OneAccord Case Study: “Not Your Average Joe’s” Restaurant Chain
by Website Developer May 25th, 2010Prepared by Jim Fisher, Principal – New England
Industry: “Not Your Average Joe’s” Restaurant Chain
Revenue: $50M+
Location: Boston, Mass
Business Situation
:
- Not Your Average Joe’s is a fifteen unit Boston area casual dining chain (competitive to multi-billion dollar national chains like Chili’s, Applebee’s, and TGI Friday’s) with system wide sales near $50 million and known for its “Creative Casual Cuisine.”
- Sales of three “troubled” units had historically lagged the remaining system and decisions on whether to extend leases would be due.
- Restaurant sales in general and the casual dining segment in particular were slow in the summer of 2009.
- The units’ long standing negative historical trends meant it was important to be aggressive and avoid eventually looking back and wondering if more could have been done.
OneAccord Solution:
- Working with the CEO, company marketer, senior management team, and the unit management teams, create three phase location specific short term programs to profitably build sales while strengthening the brand itself.
- Focus on driving not only trial visits but also repeat visits to get new customers into the Not Your Average Joe’s habit.
- Give full consideration to existing consumer research, explore relevant secondary research and market by market demographics, and evaluate existing menu development plans.
- Visit each restaurant to interview the General Manager and comprehend attributes and
location specific challenges and opportunities (traffic and commuter patterns, visibility, daypart sales patterns, staff strengths).
- Involve and motivate each restaurant team.
Engagement:
- Engagement lasted from May through August, 2009 with one month ramp up and three months of execution.
- Focus was on building the brand and the customer experience.
- Full program was reviewed by the senior management team before rolling out to each store manager.
- Program was divided into three phases:
- Phase I used external sampling, prints, direct mail promotions to new customers and email blasts to current customers.

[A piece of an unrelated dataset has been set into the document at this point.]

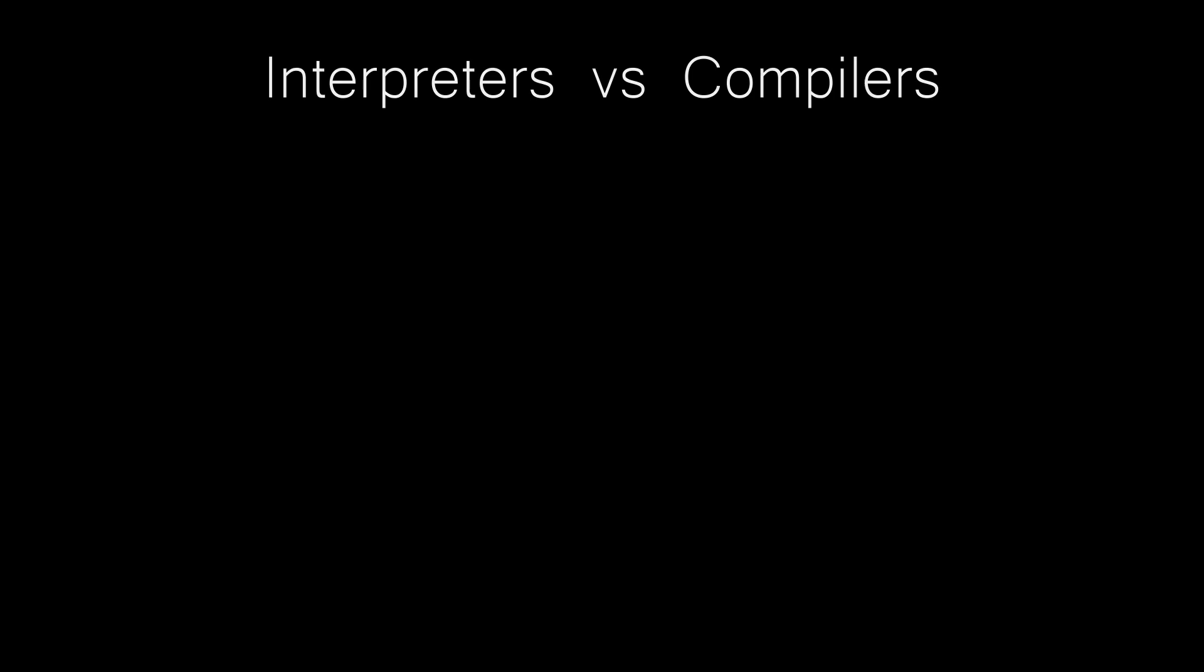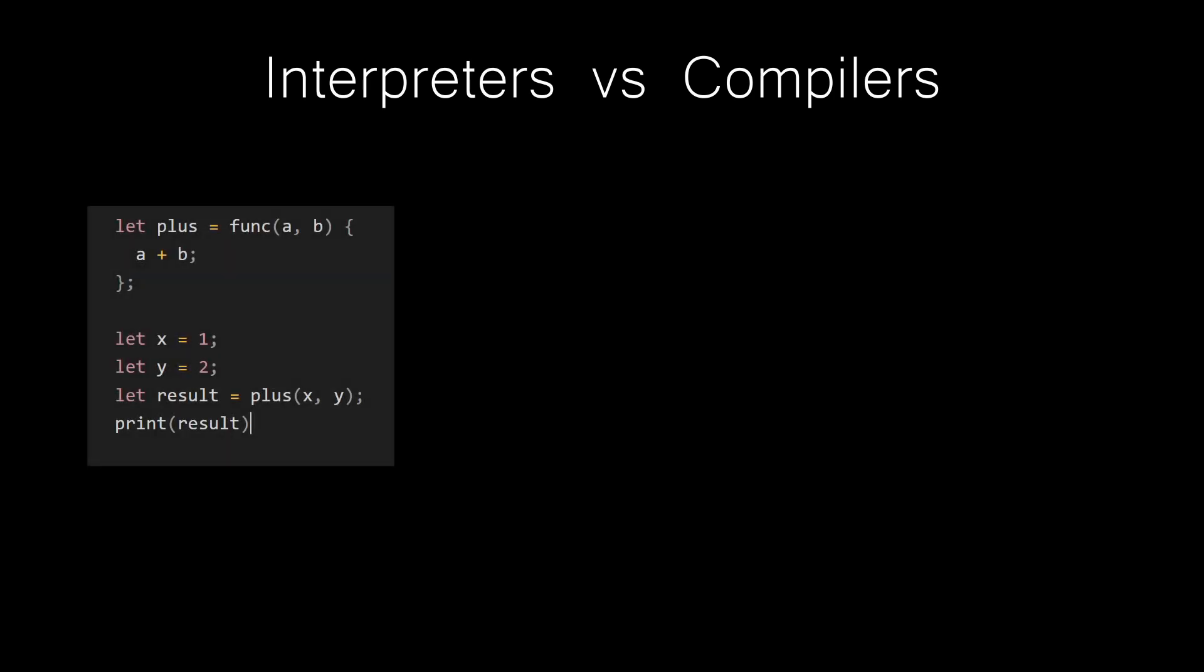So what is an interpreter and what is a compiler? Well, to keep it simple, an interpreter takes source code and evaluates it immediately without producing some intermediate result that can later be executed.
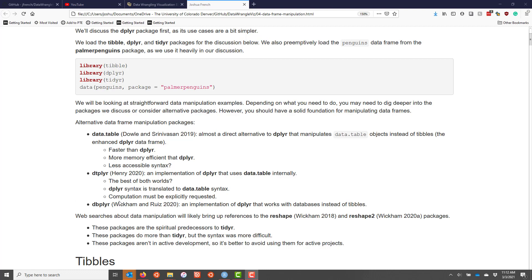In your web searches about data frame manipulation, it's pretty likely that you're going to see references to packages called reshape and reshape2. These are the spiritual predecessors to the tidyr package. They actually do substantially more than the tidyr package, but most people consider the syntax to be more difficult.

All value focused promotions created bundled menu items and avoided perceptions of direct discounts.
- Promotions focused on key business dayparts: lunch, after work refreshments, dinner, and take out while reinforcing restaurant locations.
- Location specific opportunities were leveraged: commuter trains, malls, auto and pedestrian traffic, visibility options, offices, and in store communications.
- Phase II created a “Customer Appreciation Week” in which all customers were treated like new customers and given New Customer packets to encourage return visits.
- Phase III was a limited reinforcement of Phase I was also supporting a special menu roll out featuring recipes using local farmers and vendors.
- Result metrics were monitored and reported on weekly, and restaurant General Managers were contacted frequently.
Results:
- Twelve weeks after the program started, the three restaurant sales improved by more than + 6% against a pre-program decline of – 5%, or approximately 11+% percentage point sales trend shift.
- After adjusting for all program related costs, net profits virtually doubled the incremental investment.